皆が人らしく幸せに生きるために守られるべきことが憲法に書かれています。全ての法律は憲法の考えに則って作られなければなりません。

・個人の尊厳、幸福追求権の尊重(憲法第13条)

・法の下の平等(憲法第14条)

・生存権、国の生存権保障義務(憲法第25条)

・財産権の保障(憲法第29条)

★つまり税金は、国民が健康な生活を送り、幸せに生きるために使われるものです。しかし現実はそうなっているのでしょうか。

 

2。税をどうかけたら公平か

昔から長く議論されてきて、今は下記二つの考え方がミックスしています。

一つは「応益負担」。受けたサービスに応じて納めるもの。消費税やガソリン税などがそれにあたります。

もう一つは「応能負担」。その人の支払う能力に応じて納めるもの。所得金額によって税率が変わる累進課税のしくみがそれです。
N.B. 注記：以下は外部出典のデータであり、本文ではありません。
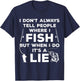 I Don't Always Tell People Where I Fish Ice Fisher Fishing T-Shirt - T-Shirt | Navy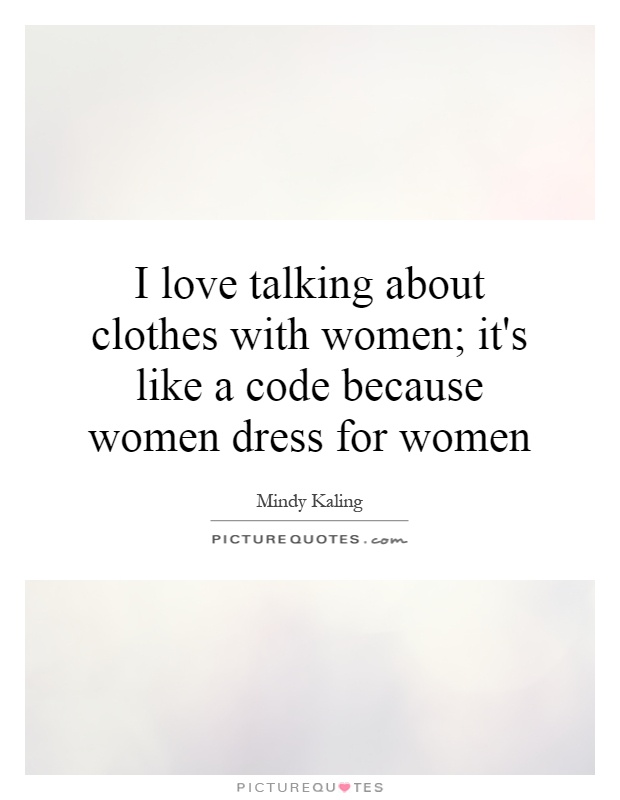 I love talking about clothes with women; it's like a code because women dress for women Picture Quote #1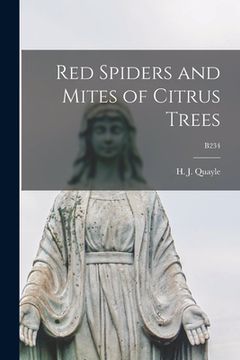 portada Red Spiders and Mites of Citrus Trees; B234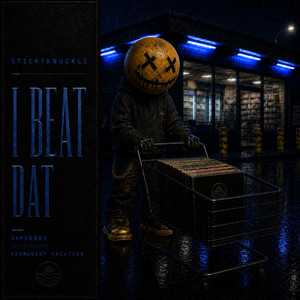 Stickyknucklz — I Beat Dat (2026)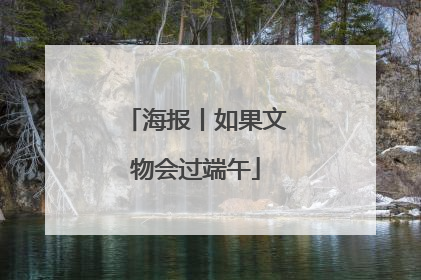 海报丨如果文物会过端午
これをバランスよく組み合わせることで公平な税を作ろうとしてきました。

★今は応益負担が優勢か? 大企業や高所得者を優遇しすぎて、本当に生活に困っている人に手を差しのべられていないと感じるのは私だけでしょうか。

 

3。税金の使い道

国や自治体がどこにどれだけ税金を使っているのか、国民はよくチェックしなければなりません。

①命と健康を守るため➡︎社会保障

皆の命と健康を守るために使われるので納得できます。ただこれからは少子高齢化が進み支出が増え続け、若者の負担が増えますので大きな課題です。

 

②誰もが学べるために➡︎教育

少子化を反映して、学校の数や教員数をどんどん減らしています。教育予算も少ないまま。人づくりにお金をかけなくていいのでしょうか。

 

ツボ1️⃣ 教育にお金をかけない日本

日本が教育費にかける公費は世界でも最低レベル。教育費にあてる税金OECD平均が4.0%に対し日本は2.9%しかありません。一位はノルウェーの6.3% 、米国は4.1%です。
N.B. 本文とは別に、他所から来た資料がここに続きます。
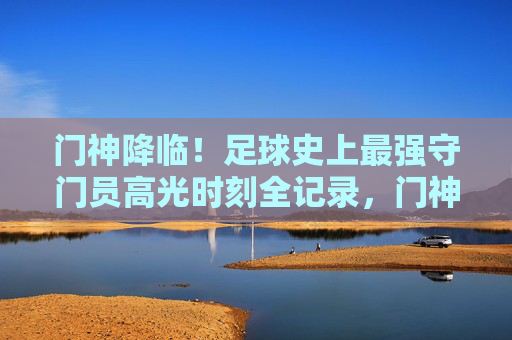 门神降临！足球史上最强守门员高光时刻全记录，门神降临！足球史上最强守门员高光时刻全记录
また、教育費の個人負担率は、OECD平均30.3%なのに対し日本は65.7%と倍以上。EU各国は大半が公費負担個人負担は4〜30%程度

 

★国が発展する基盤は人にあると思います。人口が減少する中でも、教育にお金をかけて教養を身につけ、賃金を上げ経済を回していかないと、国は衰退していきます。

 

③皆のための工事➡︎公共事業

これも大切ですね。でも新しい道路や鉄道はこれからそんなに要らないのでは。むしろ老朽化した橋やトンネルなどインフラの補修にお金をかける必要があります。

 

④国を守るため➡︎防衛

これも必要だと思いますが、米軍駐留への思いやり予算は過剰すぎるのでは。

 

⑤企業を元気にするため➡︎産業振興

事業活動を支援したり、起業を支援したり、企業の成長を促すために税金が使われています。ですがあまりに大企業を優遇しすぎでは。

 

ツボ2️⃣ 企業が払う税金とは

(1)企業優遇の法人税

企業がグローバル競争に負けないようにと、この30年でどんどん法人税を下げ続けてきました。当時税率42%でしたが今は23.2%です。
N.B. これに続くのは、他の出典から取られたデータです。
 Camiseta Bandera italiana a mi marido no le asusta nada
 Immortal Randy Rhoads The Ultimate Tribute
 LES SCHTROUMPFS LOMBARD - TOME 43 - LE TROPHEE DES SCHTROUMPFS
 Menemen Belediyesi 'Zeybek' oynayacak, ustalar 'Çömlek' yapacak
消費税導入から20年間の消費税収224兆円ありましたが、その間法人税を下げたため減った法人税減収208兆円とほぼトントン。30年間でみれば法人税の減税額が消費税収を上回ると思います。つまり消費税で集めた税金が企業に回っていったとも言えます。

★経済界から政府への企業優遇策の要請と、国から経済界への消費税導入に対して同意してくれという要請がマッチしたのでしょう。バーター取引きともいえますね。

 

(2)企業優遇の消費税

もうひとつ知っておくべきことは、輸出には消費税がかからないことです。正確には、一旦払いますが後で全額還付されるのです。(いわゆるゼロ税率)

★自動車メーカーなどの輸出企業は、ほぼ消費税を払っていません!

 

まとめ

公平とは何か、幸福とは何かを考えさせられる本でした。

「13歳からの」と書いてあるので、大人が手に取ることは少ないと思います。図書館でも子供向けの書架に行かないと見つかりません。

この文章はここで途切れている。